Convergence is a recurring theme in all kinds of layers of the datacenter these days. Servers and storage are being mashed up, and in other cases servers and networking are. Various layers of the network fabric are also starting to be converged, and now it is time for switching and routing in the datacenter to come together.
That was the opinion of switch chip maker Broadcom when it launched its “Jericho” line of ASICs this time last year. The Jericho ASICs are part of the “Dune” family of chips that the company acquired when it bought Dune Networks for $178 million back in November 2009. Broadcom told us a year ago that one potential use case for the Jericho ASICs was for WAN traversal, which is done by edge routers that sit above the datacenter network and use MPLS or Layer 3 protocols to link the datacenter gear to other datacenters or the outside world. This is precisely what Arista Networks is doing with its new 7500R “universal spine” device, which combines the functions of a high speed modular switch and a router.
Having routing functions be part of the switch infrastructure is nothing new, of course. Plenty of switches have some routing capability. But machines like the 7500R from Arista are going to mean that for certain kinds of routing between datacenter rooms or whole datacenters as well as for hooking into the Internet itself, one kind of box will be able to suit the needs of a spine switch in the network fabric as well as routers higher up in the network. The combination of the two, Martin Hull, senior director of product management at Arista, tells The Next Platform will improve the scale of networks while at the same time reducing complexity.

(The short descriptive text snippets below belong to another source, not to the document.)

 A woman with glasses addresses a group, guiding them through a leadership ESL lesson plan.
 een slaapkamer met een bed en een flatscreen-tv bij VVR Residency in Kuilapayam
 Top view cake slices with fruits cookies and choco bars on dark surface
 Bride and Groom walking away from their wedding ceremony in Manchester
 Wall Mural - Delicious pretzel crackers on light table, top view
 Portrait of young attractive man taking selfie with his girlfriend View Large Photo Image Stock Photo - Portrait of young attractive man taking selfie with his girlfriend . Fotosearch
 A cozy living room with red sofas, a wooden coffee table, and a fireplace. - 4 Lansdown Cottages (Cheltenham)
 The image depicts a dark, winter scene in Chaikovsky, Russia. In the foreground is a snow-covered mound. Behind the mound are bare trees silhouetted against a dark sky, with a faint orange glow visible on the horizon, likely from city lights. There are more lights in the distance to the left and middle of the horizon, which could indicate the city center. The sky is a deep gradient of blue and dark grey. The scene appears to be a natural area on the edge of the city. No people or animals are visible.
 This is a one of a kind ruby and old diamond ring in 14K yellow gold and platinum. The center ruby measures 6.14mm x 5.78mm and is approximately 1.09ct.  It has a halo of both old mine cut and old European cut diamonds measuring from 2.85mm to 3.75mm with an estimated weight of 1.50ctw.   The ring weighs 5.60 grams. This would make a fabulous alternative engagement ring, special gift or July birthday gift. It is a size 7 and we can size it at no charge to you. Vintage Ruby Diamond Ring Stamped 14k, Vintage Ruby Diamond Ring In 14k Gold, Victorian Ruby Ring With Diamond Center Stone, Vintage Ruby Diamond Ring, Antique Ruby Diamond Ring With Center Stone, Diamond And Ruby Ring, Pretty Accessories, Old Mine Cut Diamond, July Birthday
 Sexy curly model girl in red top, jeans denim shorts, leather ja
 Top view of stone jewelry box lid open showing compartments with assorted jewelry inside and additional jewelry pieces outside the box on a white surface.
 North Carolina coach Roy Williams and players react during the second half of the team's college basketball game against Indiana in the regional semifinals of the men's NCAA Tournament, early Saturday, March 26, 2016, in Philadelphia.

Blasting The Datacenter Walls With Jericho
“What we have seen over the past few years is that cloud deployments just continue to grow,” Hull says. “Soon server shipments at cloud builders and other service providers are going to outstrip enterprises, and the largest cloud providers will account for about a third of Ethernet switch spending.”
Other service providers account for another third of the market, as you can see above, and enterprises and SMBs comprise the rest of the remaining third of the market by 2020. Last year there were over 22 million ports of switching capacity sold worldwide for datacenter-class iron that had ports running at 10 Gb/sec, 40 Gb/sec, or 100 Gb/sec, according data presented by Hull, and these generated around $9 billion in sales.
“We have been a big beneficiary of that growth. But within the datacenter, there have been a number of transformations in system architectures, and the next transformation is going to be around the routing tier. The cloud and service providers want to be able to scale out their networks, but in order to do that they have to keep it simple. They need simple, consistent building blocks, and they want software control.”
These were the founding principles of Arista, of course, which created its own Linux-derived network operating system, called the Extensible Operating System or EOS, although the company has stopped short of open sourcing this code as Hewlett Packard Enterprise, Dell, Big Switch Networks, Cumulus Linux, and Pica8. Arista may yet be compelled to open up its stack by market forces, particularly if it wants to sell to hyperscalers and cloud builders.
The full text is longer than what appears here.